We also found that exposure to EC caused gut dysbiosis; the Proteobacteria and Firmicutes populations showed a higher abundance while the Bacteroidetes population showed a lower abundance. Jang et al. reported that exposure to IS induced colitis and gut dysbiosis in mice. They also found that exposure to IS increased Escherichia coli population in the gut microbiota of mice and oral gavage of IS-inducible Escherichia coli caused colitis and anxiety in mice [11]. In the present study, we also found that exposure to IS caused colitis and anxiety in mice and exposure to Escherichia coli K1 caused colitis and anxiety/depression in mice. Kim et al. reported that fRG alleviate gut dysbiosisa in mice with ovalbumin-induced allergic rhinitis [28]. These results support the suggestion that the induction of gut dysbiosis by the exposure to stressors can cause colitis. Oral administration of RG or fRG significantly alleviated EC-induced gut dysbiosis in mice; these suppressed the EC-induced abundance of the Proteobacteria and Firmicutes populations. They also alleviated the EC- or IS-induced colitis in mice as they suppressed the EC-induced myeloperoxidase activity, NF-κB activation, TNF-α and IL-6 expression, and NF-κB+/CD11c+ cell population in the colon. These results suggest that RG and fRG can alleviate colitis as well as psychiatric disorders by the amelioration of gut dysbiosis.

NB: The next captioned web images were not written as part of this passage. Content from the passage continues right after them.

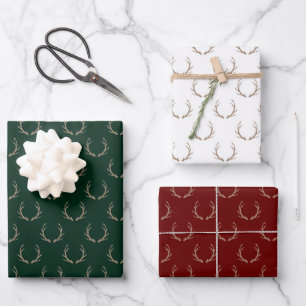 Cute reindeer antlers green maroon white Christmas Wrapping Paper Sheet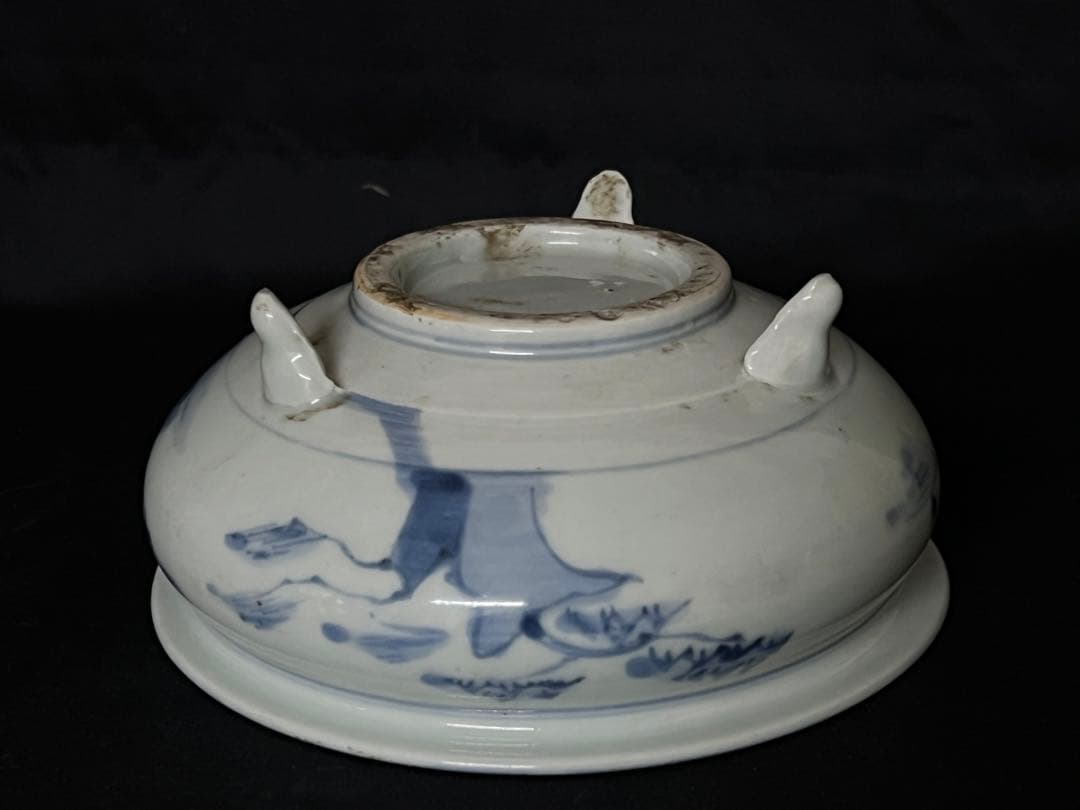 【倉庫整理品】古美術 • 染付三足香炉 • 時代物：XG--34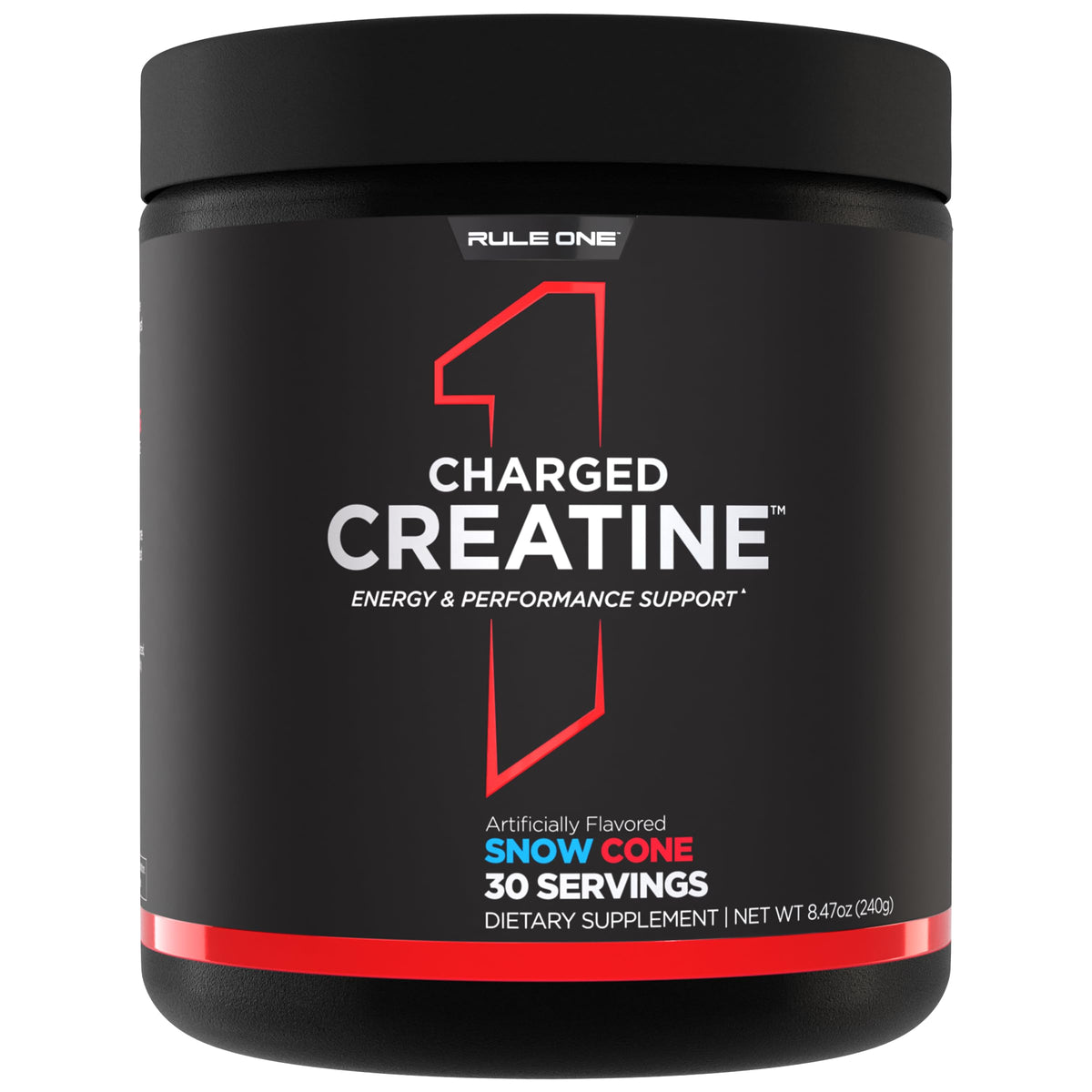 Rule 1 Charged Creatine bottle front Snow Cone flavor energizing workouts.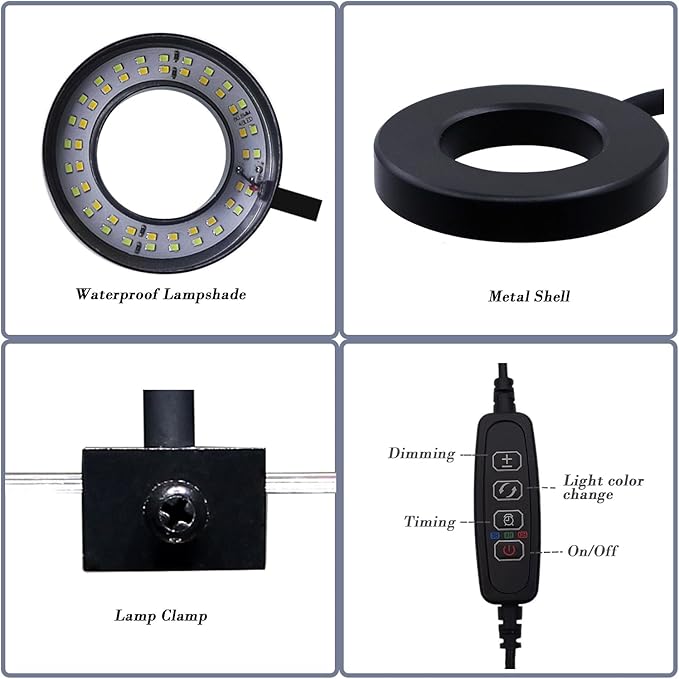 Upgraded Aquarium Light with Timer Clip On Fish Tank LED Light Small USB Light Dimmer Multi-Color White+Warm Yellow+Yellow 1 to 5 Gal (Adapter NOT Included) PUEUTU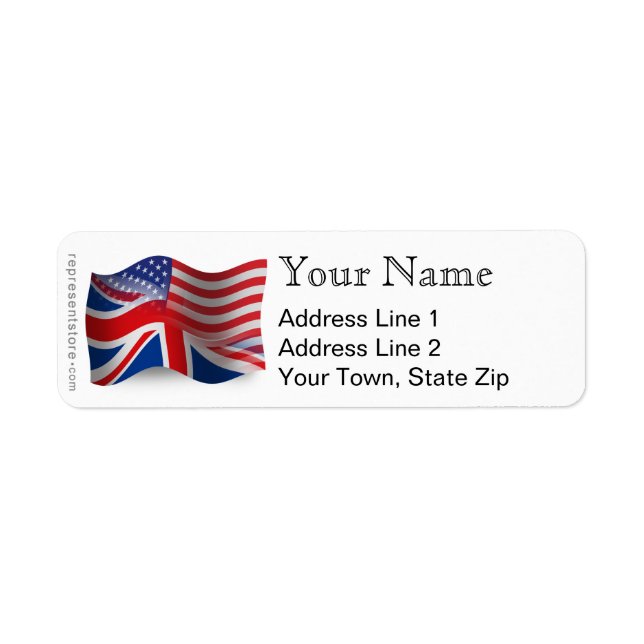 British-American Waving Flag Label (Front)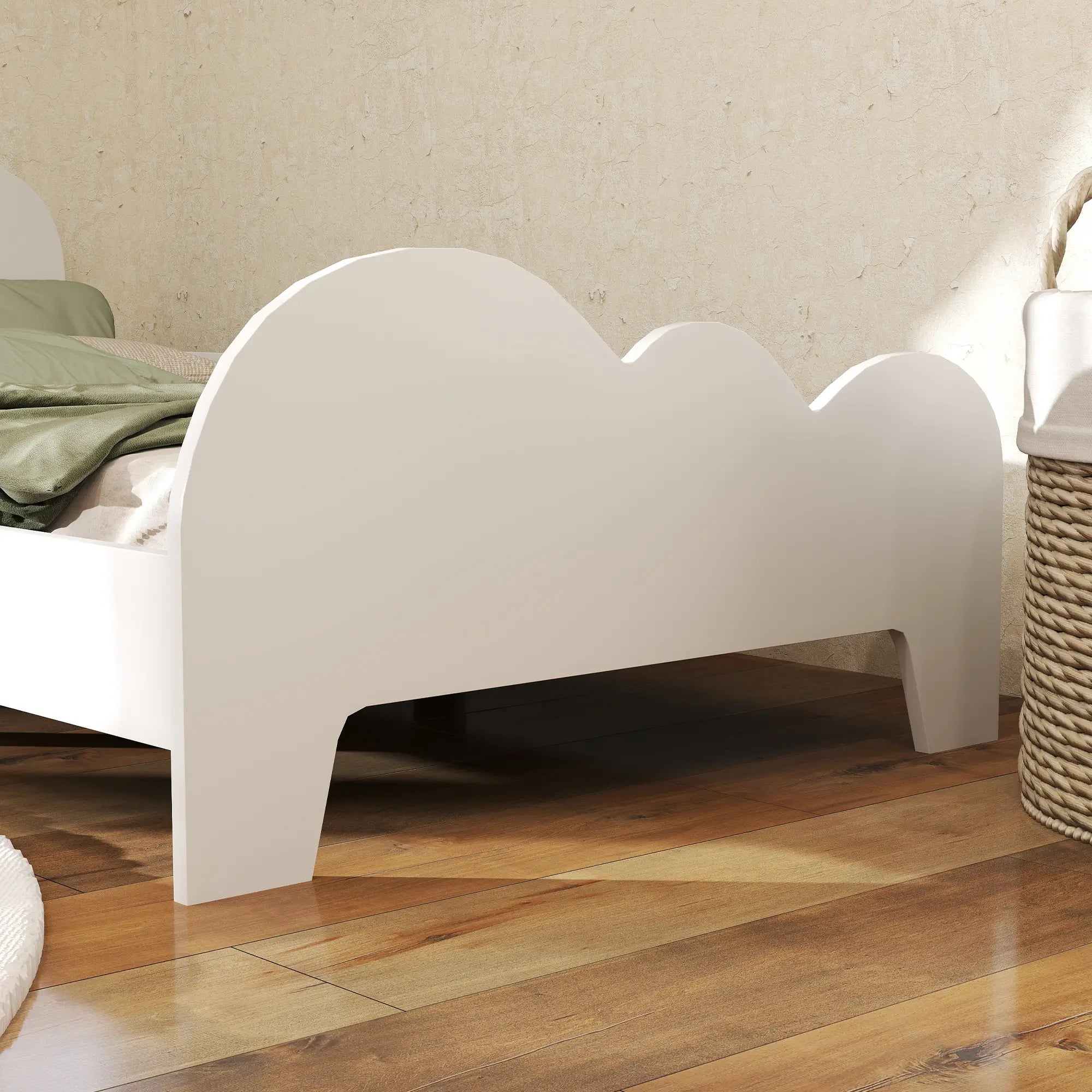 Low Kids Bed Frame with Cloud Headboard (White)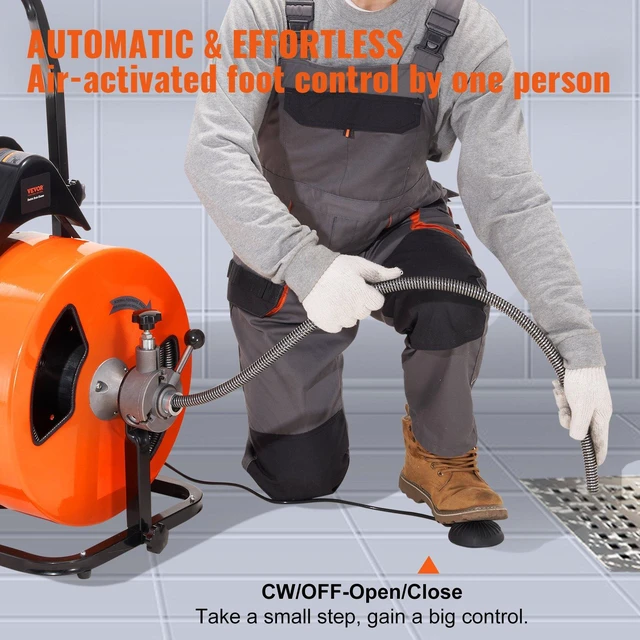 Alt view image 2 of 7 - Drain Cleaning Machine 100FT x 3/4 Inch, Sewer Snake Machine Auto Feed, Drain Auger Cleaner with 4 Cutter & Air-Activated Foot Switch for 1" to 4" Pipes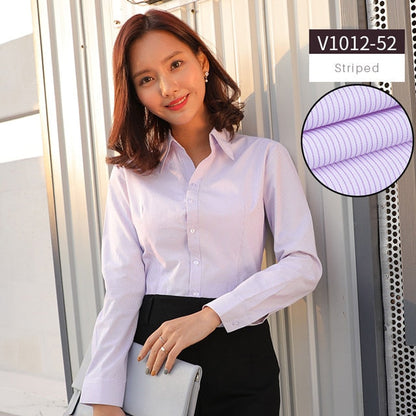 Women Blouse Long Sleeve Shirts Striped/Solid Color Ladies Office Shirts White Slim-fit Female Formal Social Blouses Tops Blusas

In the present study, orally administered RG and fRG alleviated EC- or IS-induced anxiety/depression in mice. In addition, many constituents of orally administered RG and fRG are not easily absorbed from the intestine into the blood [16]. Therefore, these constituents contact with gut microbiota in the gastrointestinal tract and are metabolized to easily absorbable compounds such as compound K. When RG and fRG are orally administered in humans and mice, the ginsenosides most highly absorbed into the blood were Rd followed by protopanaxatriol and compound K [27,29], Supplement Table S6. In the present study, we found that oral administration of ginsenoside Rd and protopanaxatriol significantly suppressed the IS- or EC-induced depression-like behaviors, NF-κB activation, and NF-κB+/Iba1+ cell population in the hippocampus of mice, while the BDNF expression and CREB phosphorylation increased. They also reduced the EC-induced corticosterone and IL-6 levels in the blood. Furthermore, they alleviated IS- or EC-induced colitis; they inhibited NF-κB activation and NF-κB+/CD11c+ cell population in the colon. RG and fRG also alleviated the EC-induced Proteobacteria populations in the gut microbiota. fRG and ginsenoside Rd alleviate gut dysbiosis in mice with ovalbumin-induced allergic rhinitis [28]. These results suggest that fRG, RG, and their ginsenosides, particularly ginsenoside Rd, can alleviate anxiety/depression and colitis by modulating the NF-κB-mediated BDNF expression and gut dysbiosis. Moreover, ginsenosides Rb1, Rg1, Rg2, Rg3, Rh2, Re, and compound K mitigate depression in rodents [14,23,24,41,42,43,44,45,46]. These findings suggest that the anti-depressive effects of RG and fRG can be dependent on the absorption of these ginsenosides including ginsensides Rd and Rg1 and protopanaxatriol into the blood. Kim et al. reported that ginsenosides Rd, protopanaxatriol, and compound K are more highly absorbed into the blood of volunteers and mice orally administered with fRG compared to those orally treated with RG, while the absorption of ginsenoside Rg1 into the blood was not different [27,29], Supplement Table S1. These findings suggest that the anti-anxiety/depressive effect of fRG was more potent than that of RG and may be due to the high absorption of ginsenosides, particularly ginsenoside Rd and protopanaxtriol, and the potent attenuation of gut and hippocampal inflammation via the regulation of gut dysbiosis.

5. Conclusions

The induction of gut dysbiosis by exposure to stressors IS and Escherichia coli K1 can cause anxiety/depression with colitis, while the potent alleviation of stress-induced gut dysbiosis and inflammation by fRG may be helpful in alleviating anxiety/depression through the amelioration of gut and hippocampal inflammation.